Two watermarking algorithms are applied (212 and 214) to the image so as to embed in the snapshot two watermarks using two encryption keys. The first watermark is a robust and invisible watermark since it is embedded using an identification number which is unique at a global level (it is based on a DOI (Digital Object Identifier) schema to ensure its uniqueness). Extraction of this watermark is only possible using the unique identification number and so it can be verified, by extracting the watermark, that the digital image is owned by the administrator of the digital library, i.e. the trusted third party and that is has been stored in the trusted third party's library. In the case of a dispute, where two parties claim ownership of the content, only the true owner will have access to the DOI number (via the trusted third party, using the securely stored metadata). If this DOI number is provided to the detector and the first watermark is extracted, that party will be shown to be the true owner of the content.

The second watermark is weak and invisible and is used to provide verification of the integrity of the image and control copying of the image. This watermark is embedded into the content using a constant, well known number. Extraction of this watermark can therefore be achieved fairly easy using the constant, well known number acting as a 'key'. Once extracted, this second watermark acts as a "never copy" instruction. Compliant devices are equipped with the detector of the watermarking mechanism and have knowledge of the constant key. If the detector of the compliant device detects the watermark it verifies the "never copy" instruction and forbids the replication of the content. If this watermark is not detected (or has changed), it can be concluded that the content has been altered and its authenticity can therefore not be verified.

Transaction tracking is also facilitated by the use of a weak watermark. This type of watermark is typically embedded into the content at each stage of its distribution. In the event that content has been found to be in the possession of a non-authorized party, the second watermark is extracted using a well known key, and, the extracted watermark (where the detector outputs a numerical value, rather than a Boolean response) therefore indicates the distribution source (i.e. the point from which the content went to the wrong hands)

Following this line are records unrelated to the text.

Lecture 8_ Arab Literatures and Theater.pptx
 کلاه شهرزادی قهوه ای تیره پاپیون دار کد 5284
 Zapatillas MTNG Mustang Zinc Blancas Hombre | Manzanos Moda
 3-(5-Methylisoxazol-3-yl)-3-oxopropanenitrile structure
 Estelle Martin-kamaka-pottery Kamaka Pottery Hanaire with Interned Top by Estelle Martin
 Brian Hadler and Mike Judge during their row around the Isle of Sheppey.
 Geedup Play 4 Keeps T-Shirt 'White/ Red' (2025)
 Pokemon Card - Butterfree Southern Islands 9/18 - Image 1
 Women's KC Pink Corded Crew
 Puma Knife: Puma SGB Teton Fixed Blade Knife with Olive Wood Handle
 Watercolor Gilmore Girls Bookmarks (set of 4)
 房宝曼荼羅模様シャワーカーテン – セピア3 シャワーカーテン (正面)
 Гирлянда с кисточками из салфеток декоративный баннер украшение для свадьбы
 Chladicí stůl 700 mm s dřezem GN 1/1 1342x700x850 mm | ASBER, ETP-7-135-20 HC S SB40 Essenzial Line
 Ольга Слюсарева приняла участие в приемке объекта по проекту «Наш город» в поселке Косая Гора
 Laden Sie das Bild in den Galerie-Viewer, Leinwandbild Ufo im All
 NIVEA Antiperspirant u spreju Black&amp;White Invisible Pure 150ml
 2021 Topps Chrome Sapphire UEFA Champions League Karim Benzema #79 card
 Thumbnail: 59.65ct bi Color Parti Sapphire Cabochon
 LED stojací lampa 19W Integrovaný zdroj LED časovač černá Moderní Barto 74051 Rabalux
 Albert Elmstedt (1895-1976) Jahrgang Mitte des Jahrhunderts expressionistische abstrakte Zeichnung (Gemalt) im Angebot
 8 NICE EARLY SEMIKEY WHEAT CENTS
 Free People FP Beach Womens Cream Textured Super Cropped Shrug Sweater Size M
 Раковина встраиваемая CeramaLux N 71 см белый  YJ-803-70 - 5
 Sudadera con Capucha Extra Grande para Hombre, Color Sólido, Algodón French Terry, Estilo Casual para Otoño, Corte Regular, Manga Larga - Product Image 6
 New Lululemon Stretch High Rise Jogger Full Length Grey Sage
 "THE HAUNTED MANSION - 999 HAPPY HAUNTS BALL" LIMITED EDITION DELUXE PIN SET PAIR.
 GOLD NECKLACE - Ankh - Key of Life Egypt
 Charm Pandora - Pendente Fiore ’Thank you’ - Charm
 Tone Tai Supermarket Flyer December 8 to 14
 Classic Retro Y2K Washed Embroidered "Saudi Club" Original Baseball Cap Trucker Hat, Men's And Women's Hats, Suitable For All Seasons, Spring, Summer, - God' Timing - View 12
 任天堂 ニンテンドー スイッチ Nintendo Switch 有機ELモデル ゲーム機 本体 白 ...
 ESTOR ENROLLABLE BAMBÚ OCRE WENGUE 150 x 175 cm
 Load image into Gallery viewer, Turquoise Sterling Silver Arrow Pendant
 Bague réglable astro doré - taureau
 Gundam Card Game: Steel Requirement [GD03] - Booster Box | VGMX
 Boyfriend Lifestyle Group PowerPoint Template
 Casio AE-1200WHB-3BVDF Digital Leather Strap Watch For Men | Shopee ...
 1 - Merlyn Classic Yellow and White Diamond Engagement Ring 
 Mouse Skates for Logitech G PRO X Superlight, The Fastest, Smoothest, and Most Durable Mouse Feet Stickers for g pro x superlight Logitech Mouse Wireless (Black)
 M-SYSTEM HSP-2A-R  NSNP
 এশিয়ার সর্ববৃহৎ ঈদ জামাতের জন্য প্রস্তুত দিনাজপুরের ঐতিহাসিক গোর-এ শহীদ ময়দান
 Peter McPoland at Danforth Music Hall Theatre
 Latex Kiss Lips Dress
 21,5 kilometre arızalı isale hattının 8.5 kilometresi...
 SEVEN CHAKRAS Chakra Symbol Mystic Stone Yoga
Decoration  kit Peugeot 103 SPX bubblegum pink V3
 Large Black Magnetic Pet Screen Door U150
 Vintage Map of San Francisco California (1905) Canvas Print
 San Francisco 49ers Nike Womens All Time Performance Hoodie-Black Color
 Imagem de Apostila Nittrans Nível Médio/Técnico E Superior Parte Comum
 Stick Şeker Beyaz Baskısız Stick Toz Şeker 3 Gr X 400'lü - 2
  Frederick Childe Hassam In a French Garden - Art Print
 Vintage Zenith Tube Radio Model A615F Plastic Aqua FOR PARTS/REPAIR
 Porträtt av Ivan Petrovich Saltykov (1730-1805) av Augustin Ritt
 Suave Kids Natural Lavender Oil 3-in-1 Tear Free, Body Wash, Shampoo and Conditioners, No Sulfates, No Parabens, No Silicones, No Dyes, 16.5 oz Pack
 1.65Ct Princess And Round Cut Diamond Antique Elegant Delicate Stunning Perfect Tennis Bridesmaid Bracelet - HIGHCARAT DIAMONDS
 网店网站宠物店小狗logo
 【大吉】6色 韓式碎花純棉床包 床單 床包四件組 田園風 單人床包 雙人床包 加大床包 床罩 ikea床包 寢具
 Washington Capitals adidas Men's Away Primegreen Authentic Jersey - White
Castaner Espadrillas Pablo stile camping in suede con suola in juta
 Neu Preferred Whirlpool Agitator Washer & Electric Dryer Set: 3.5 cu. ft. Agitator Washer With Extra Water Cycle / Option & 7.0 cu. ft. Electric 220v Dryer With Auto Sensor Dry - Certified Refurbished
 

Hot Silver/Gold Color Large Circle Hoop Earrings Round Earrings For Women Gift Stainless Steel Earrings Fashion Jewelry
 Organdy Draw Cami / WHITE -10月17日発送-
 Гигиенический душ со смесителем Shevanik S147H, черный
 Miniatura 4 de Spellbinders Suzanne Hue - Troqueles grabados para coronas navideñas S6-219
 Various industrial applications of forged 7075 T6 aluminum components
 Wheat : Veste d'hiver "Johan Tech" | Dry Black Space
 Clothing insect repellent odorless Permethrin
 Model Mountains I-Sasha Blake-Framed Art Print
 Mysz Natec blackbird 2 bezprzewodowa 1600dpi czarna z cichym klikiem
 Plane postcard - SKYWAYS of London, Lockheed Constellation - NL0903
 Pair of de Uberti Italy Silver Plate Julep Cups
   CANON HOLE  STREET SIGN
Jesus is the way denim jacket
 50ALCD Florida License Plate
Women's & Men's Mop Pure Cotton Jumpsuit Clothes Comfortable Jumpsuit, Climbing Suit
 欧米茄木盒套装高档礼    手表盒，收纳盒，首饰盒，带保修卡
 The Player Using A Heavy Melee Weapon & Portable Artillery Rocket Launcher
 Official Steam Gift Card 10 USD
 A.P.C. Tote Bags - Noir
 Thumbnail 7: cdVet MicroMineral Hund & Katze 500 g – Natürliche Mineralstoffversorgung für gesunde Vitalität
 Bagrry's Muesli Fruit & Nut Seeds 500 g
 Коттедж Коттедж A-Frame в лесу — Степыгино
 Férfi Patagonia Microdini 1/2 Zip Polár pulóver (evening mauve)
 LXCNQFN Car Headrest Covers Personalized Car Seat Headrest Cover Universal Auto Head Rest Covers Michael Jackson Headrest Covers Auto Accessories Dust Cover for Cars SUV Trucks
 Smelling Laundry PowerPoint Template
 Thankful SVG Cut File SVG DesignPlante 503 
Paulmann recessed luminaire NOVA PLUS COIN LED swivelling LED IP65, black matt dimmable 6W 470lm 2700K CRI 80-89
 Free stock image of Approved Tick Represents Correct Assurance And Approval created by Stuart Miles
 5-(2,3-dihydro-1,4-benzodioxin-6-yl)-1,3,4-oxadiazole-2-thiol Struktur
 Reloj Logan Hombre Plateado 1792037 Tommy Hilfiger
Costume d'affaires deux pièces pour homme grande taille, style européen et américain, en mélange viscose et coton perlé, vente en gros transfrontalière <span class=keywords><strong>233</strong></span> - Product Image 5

When both watermarks are detected in the digital content, it can be verified that the snapshot is stored in the system 100 (and therefore owned by a party known to the trusted third party) and that the image has not in any way been altered, processed or manipulated (e.g. that colors, texts, images have not been changed and that cropping, rotation, resize or any other type of processing has not occurred). The watermarked image is stored in the digital library at step 216. To ensure long-term, safe and trusted storage of the watermarked images, the images, in addition to storage in a secure database, are also stored on optical and magnetic storage media. The snapshots are stored based on standard formats. Lossless data types are typically used (e.g. .tiff). A backup routine produces full content surrogates each week and ensures zero data loss in case of hardware and software failure. The optical media (e.g. DVDs) which store images are renewed every 2 years so as not to lose data due to deterioration. In addition, the images are migrated to new storage media in the case that the maximum lifespan of the old storage media has been reached based on the manufactures estimation, or discovery of read errors during storage media tests. Quality checks (bits/bytes comparison, checksum evaluation) are conducted following such migration to ensure data integrity. At step 218, read-only copy of the watermarked image is sent to the requesting party.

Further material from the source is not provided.